Here's the thing: I made the mistake of thinking that I was allowed to have an opinion, however unpopular, unless I shouted 'fire' in a building that was not burning. However, my highly opinionated lit class did not agree that I should voice my opinion - my wrong opinion, because it was different from theirs. Did I mention it was wrong?
I've never liked Emily Dickinson, but I decided to throw away my previous biases when I had to read her work for this same class last week. And, again, she disappointed me. Again, this was the wrong opinion for me to have. According to my class's majority, Emily (or Auntie Em) was so real that it moved them; they really related to her poetry. Is there anything wrong with this? No. However, I should not be pounced upon by the pro-Emily majority because of my respectfully dissenting opinion. One classmate's comment when I dared voice my thoughts (that dear Auntie, in fact, did not move my heart), "Dude, she didn't ask you to read her poetry!"
Dude?
DUDE?
She did not ask any of us to read her poetry. If memory serves, all these her diary entries were published posthumously. And even if she had consented to her publication, why should she care if the entire world did not embrace her dark thoughts on life and how many doubts she had? I am so SICK of being made to feel like my opinion is better kept to myself if it is not in agreement with the group's.
Lemme share something with you that I will probably regret later, when my inbox is flooded with angry emails:
I sleep well at night knowing that our country is being headed by a godly leader. However, por lo general, I get a sinking feeling when I think of combining church and state. Here is why: because of people like those in my lit class.

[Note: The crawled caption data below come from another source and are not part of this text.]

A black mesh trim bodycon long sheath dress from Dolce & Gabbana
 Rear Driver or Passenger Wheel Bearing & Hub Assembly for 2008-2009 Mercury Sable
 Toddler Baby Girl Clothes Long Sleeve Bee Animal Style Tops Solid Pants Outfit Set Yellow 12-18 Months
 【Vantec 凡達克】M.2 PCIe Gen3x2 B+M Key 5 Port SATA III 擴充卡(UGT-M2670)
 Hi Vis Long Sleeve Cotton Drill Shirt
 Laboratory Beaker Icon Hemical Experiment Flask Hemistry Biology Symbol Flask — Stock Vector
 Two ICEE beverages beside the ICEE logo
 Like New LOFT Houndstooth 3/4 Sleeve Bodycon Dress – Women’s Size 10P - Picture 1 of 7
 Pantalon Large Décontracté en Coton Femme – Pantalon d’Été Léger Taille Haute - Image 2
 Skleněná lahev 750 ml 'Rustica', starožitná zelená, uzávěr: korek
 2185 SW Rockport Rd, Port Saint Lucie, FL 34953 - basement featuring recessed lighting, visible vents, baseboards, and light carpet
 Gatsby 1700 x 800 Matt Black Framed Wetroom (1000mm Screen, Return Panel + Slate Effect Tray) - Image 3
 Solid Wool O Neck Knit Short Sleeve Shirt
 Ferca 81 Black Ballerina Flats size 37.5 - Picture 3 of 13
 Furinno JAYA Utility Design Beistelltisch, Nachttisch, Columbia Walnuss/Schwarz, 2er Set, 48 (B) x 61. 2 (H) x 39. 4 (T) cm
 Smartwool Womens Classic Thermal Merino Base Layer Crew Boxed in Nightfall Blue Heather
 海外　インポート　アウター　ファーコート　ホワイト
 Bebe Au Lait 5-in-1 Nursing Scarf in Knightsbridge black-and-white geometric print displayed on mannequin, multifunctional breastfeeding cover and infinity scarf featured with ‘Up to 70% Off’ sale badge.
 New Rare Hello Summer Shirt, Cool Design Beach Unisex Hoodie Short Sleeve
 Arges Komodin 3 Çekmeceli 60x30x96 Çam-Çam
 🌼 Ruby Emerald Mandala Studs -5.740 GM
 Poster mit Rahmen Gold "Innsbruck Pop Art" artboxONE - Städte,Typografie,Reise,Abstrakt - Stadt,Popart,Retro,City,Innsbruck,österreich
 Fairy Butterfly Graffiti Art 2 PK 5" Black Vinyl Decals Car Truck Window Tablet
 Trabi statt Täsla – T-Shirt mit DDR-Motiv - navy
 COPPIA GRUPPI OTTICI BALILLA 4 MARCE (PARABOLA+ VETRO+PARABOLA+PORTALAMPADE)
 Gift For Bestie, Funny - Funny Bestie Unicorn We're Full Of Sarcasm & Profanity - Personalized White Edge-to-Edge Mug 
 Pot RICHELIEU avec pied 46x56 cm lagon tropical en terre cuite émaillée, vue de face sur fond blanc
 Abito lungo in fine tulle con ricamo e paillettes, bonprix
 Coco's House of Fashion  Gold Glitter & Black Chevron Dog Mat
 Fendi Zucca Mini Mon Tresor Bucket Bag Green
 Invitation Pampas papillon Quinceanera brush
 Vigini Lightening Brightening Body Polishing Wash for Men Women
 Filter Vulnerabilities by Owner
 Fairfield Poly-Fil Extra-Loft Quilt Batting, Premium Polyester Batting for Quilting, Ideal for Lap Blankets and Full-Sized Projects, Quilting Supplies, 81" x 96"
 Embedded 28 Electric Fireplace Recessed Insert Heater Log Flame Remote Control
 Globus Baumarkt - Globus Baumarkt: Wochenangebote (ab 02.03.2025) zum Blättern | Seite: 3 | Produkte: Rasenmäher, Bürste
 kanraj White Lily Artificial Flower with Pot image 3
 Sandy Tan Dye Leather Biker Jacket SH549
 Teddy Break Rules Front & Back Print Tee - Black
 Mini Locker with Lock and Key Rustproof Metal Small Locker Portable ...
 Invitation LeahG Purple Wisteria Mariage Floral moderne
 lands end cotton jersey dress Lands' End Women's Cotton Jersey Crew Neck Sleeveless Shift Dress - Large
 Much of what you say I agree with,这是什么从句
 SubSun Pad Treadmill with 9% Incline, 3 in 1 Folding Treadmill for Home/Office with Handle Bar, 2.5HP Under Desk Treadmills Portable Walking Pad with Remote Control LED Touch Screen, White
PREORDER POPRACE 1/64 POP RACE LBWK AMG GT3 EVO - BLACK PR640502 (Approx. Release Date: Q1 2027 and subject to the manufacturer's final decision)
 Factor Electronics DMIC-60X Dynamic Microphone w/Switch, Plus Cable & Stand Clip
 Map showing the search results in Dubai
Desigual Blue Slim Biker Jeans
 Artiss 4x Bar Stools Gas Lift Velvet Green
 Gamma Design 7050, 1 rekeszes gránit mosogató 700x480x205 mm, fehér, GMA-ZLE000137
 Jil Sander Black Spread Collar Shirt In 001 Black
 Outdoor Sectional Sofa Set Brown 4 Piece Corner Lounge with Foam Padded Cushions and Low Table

What happens is people confuse absolute truth with their strong convictions of the way things should be based on those truths, proclaim that all should be free (so that they can express their beliefs which are not necessarily absolute truth), and then censor those who disagree with them once the majority has ruled that its strong convictions are absolute truth. Did I lose you in all those words? Sorry, but I felt like if I left it at: "Christian" government will eventually lead to violent oppression of peaceable dissenters, I would be misunderstood I don't mean to say that Christians should never have governmental power, only that I hate studying history because of the mistakes 'the church' has made in the past, and understand why so many are wary of trusting it.
There, I've vented.
Please count to ten and breathe deeply before you angrily flood my inbox.